Man Found With Endangered Tortoises Planned to Eat Them, Sheriff's Office Says

A man in Florida was caught by deputies scavenging for an unusual Sunday night meal, Martin County Sheriff's Office said.

Responding to a call of a "man down," sheriffs found Robert Lane on the ground as he was attempting to grab endangered gopher tortoises. The 28-year-old had already captured a male and a female tortoise and was looking for others when the deputies stopped him.

Related: Giant tortoise tries to run away from zoo, only makes it 460 feet

In a Facebook post, the Sheriff's Office added that Lane admitted to taking the tortoises from their hole and that he "had plans to consume them." Deputies returned the tortoises to the holes they had been taken from.

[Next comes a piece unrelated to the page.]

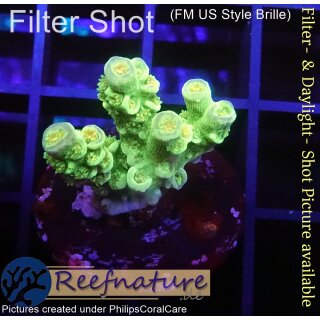 4B3-8 WYSIWYG - Acropora florida Höhe 23mm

According to the Fish and Wildlife Conservation Commission, gopher tortoises are considered a "keystone species" in Florida, where they're listed as threatened." The moderately sized reptiles can live for 40 to 60 years and are the only tortoise species in the U.S. that live east of the Mississippi River.

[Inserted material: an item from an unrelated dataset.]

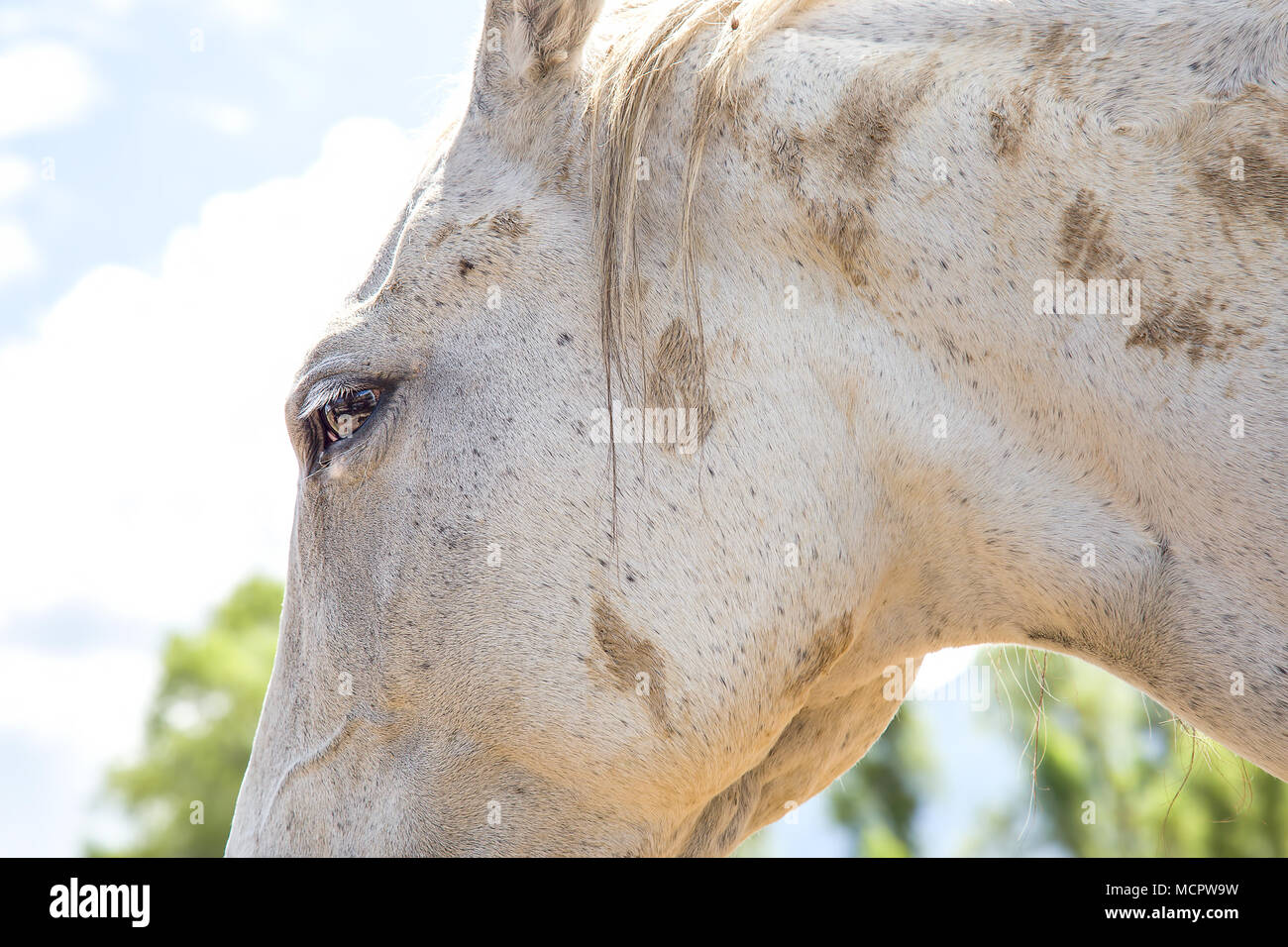 In prossimità della testa di cavallo con il suo occhio accattivante. Foto Stock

The tortoises also share their burrows with over 350 other species, including owls, mice, snakes, opossums, rabbits, frogs and crickets—a fact that makes the tortoises integral in the lives of the other species.

Gopher tortoises were famously eaten by some during the Great Depression and earned the nickname "Hoover's chickens" after President Herbert Hoover. During his presidential campaign, a Republican circular loudly stated "a chicken for every pot," something which later came to bite Hoover's reelection campaign, according to the National Archives.

Martin County Sheriff's Office said that the case was handed over to Florida Fish and Wildlife Conservation Commission. Lane faces charges related to poaching on state property, authorities said.